Exercise details ▸
Exactly the lines from the line that has "NEC PC-9801BA3/U2/FDD，CD動作品/ジャンク扱い NEC" through the final line below are to be retyped, and the pictures are not.

====== Given material

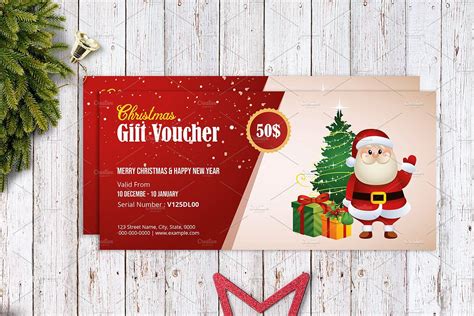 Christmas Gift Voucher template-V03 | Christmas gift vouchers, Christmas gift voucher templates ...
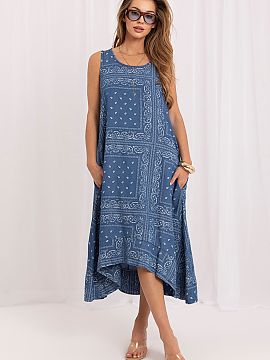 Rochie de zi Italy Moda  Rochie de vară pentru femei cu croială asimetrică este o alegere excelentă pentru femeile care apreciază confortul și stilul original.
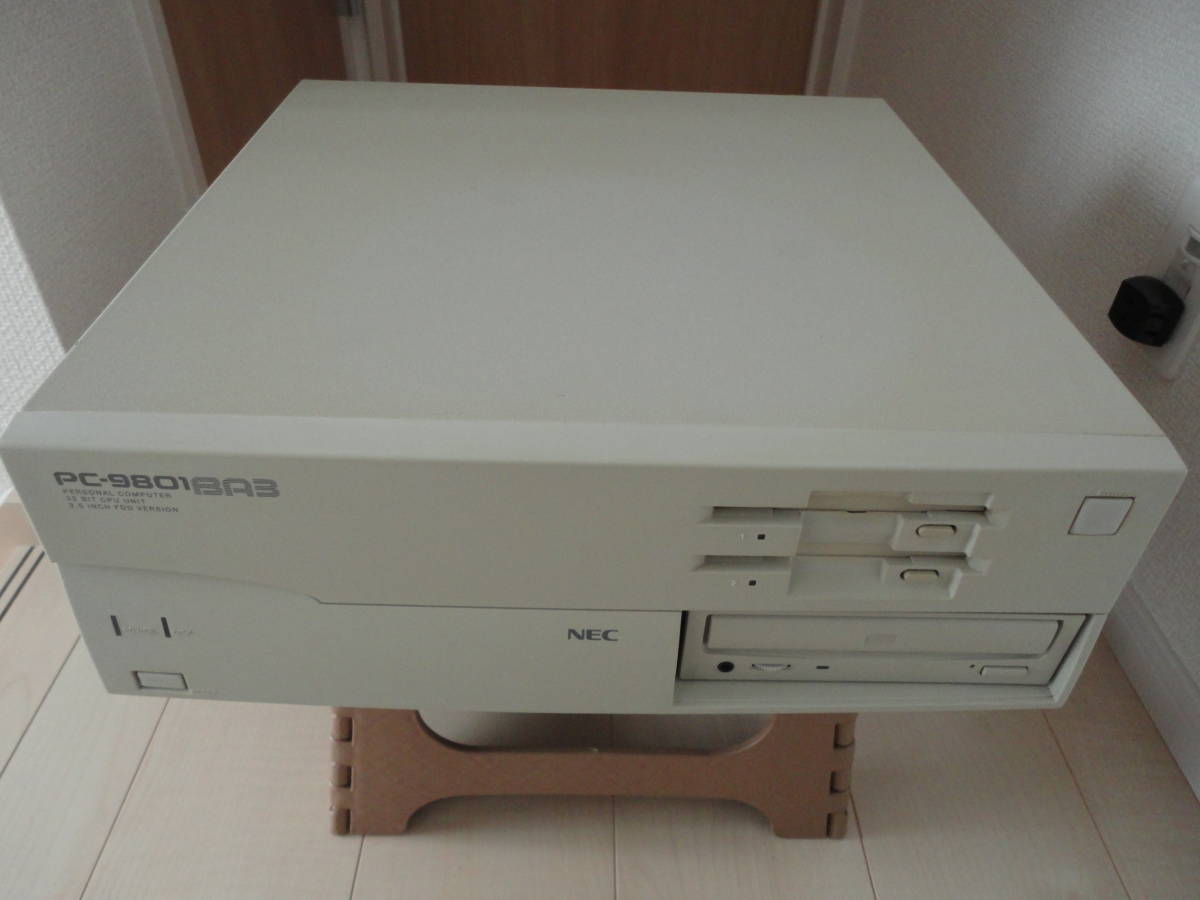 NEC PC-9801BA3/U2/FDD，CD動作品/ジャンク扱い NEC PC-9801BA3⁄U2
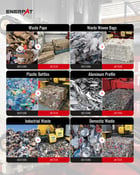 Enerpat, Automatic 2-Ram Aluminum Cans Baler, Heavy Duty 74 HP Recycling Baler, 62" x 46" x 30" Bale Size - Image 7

============

Written answer ▸
 NEC PC-9801BA3/U2/FDD，CD動作品/ジャンク扱い NEC PC-9801BA3⁄U2
 Enerpat, Automatic 2-Ram Aluminum Cans Baler, Heavy Duty 74 HP Recycling Baler, 62" x 46" x 30" Bale Size - Image 7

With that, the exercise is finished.